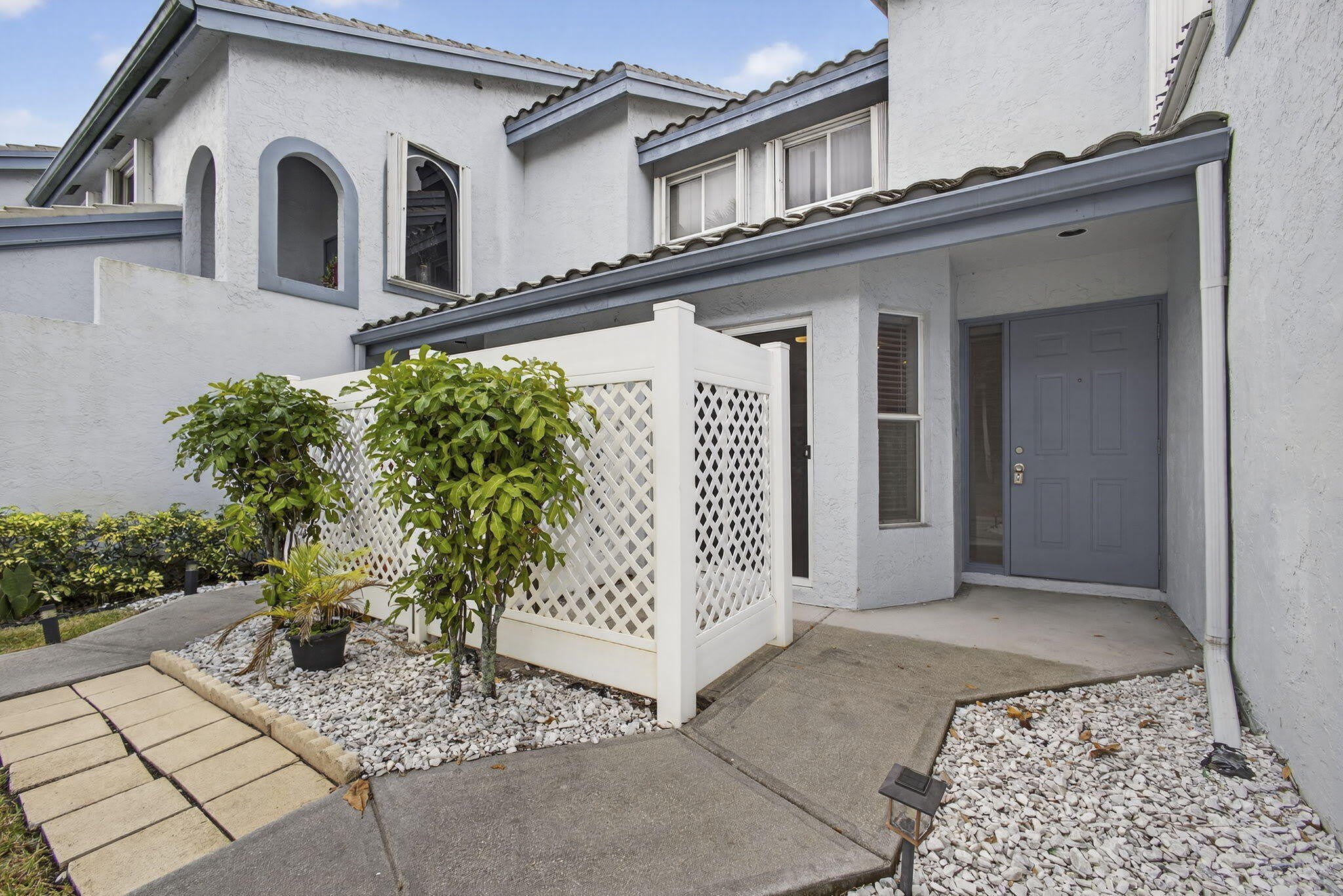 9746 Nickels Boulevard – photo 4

==

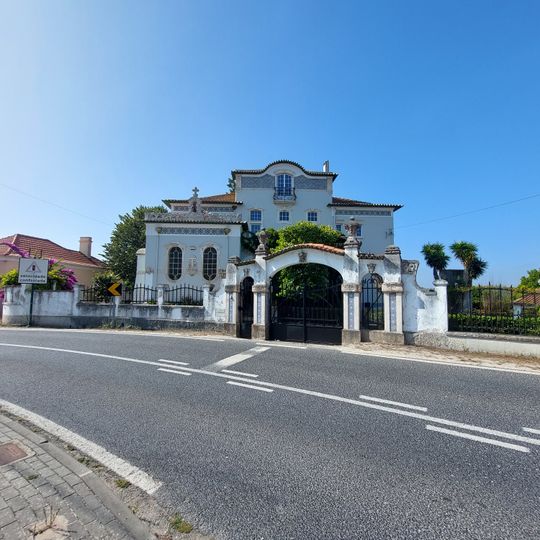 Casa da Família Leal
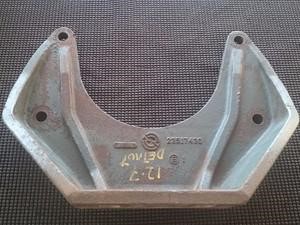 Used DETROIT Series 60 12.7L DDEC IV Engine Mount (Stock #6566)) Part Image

**WHAT YOU SHOULD DO:** Once the line with "Casa da Família Leal" is found in the data above, reproduce it and each line after it exactly, through the line with "Used DETROIT Series". Omit the pictures.

**SOLVED EXERCISE:**
 Casa da Família Leal
 Used DETROIT Series 60 12.7L DDEC IV Engine Mount (Stock #6566)) Part Image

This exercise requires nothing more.